Cross Validation (Concurrency)


This Operator performs a cross validation to estimate the statistical performance of a learning model.


It is mainly used to estimate how accurately a model (learned by a particular learning Operator) will perform in practice.

The Cross Validation Operator is a nested Operator. It has two subprocesses: a Training subprocess and a Testing subprocess. The Training subprocess is used for training a model. The trained model is then applied in the Testing subprocess. The performance of the model is measured during the Testing phase.

The input ExampleSet is partitioned into k subsets of equal size. Of the k subsets, a single subset is retained as the test data set (i.e. input of the Testing subprocess).
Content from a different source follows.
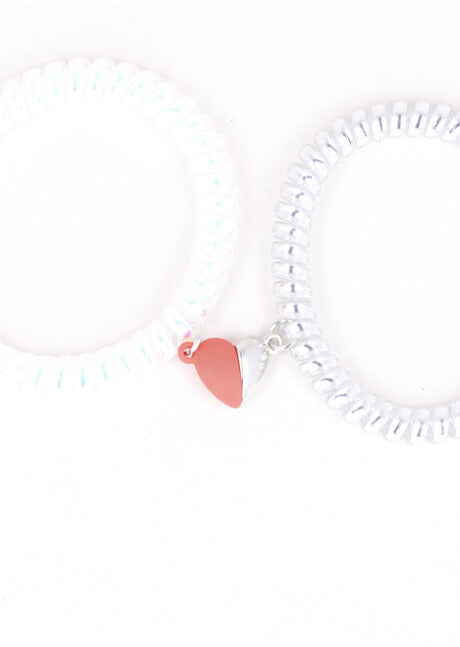 SET PULSERAS TELEPHONE CORAZON IMAN WHITE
The remaining k - 1 subsets are used as training data set (i.e. input of the Training subprocess). The cross validation process is then repeated k times, with each of the k subsets used exactly once as the test data. The k results from the k iterations are averaged (or otherwise combined) to produce a single estimation. The value k can be adjusted using the number of folds parameter.

The evaluation of the performance of a model on independent test sets yields a good estimation of the performance on unseen data sets. It also shows if 'overfitting' occurs. This means that the model represents the testing data very well, but it does not generalize well for new data. Thus, the performance can be much worse on test data.


Split Validation

This Operator is similar to the Cross Validation Operator but only splits the data into one training and one test set. Hence it is similar to one iteration of the cross validation.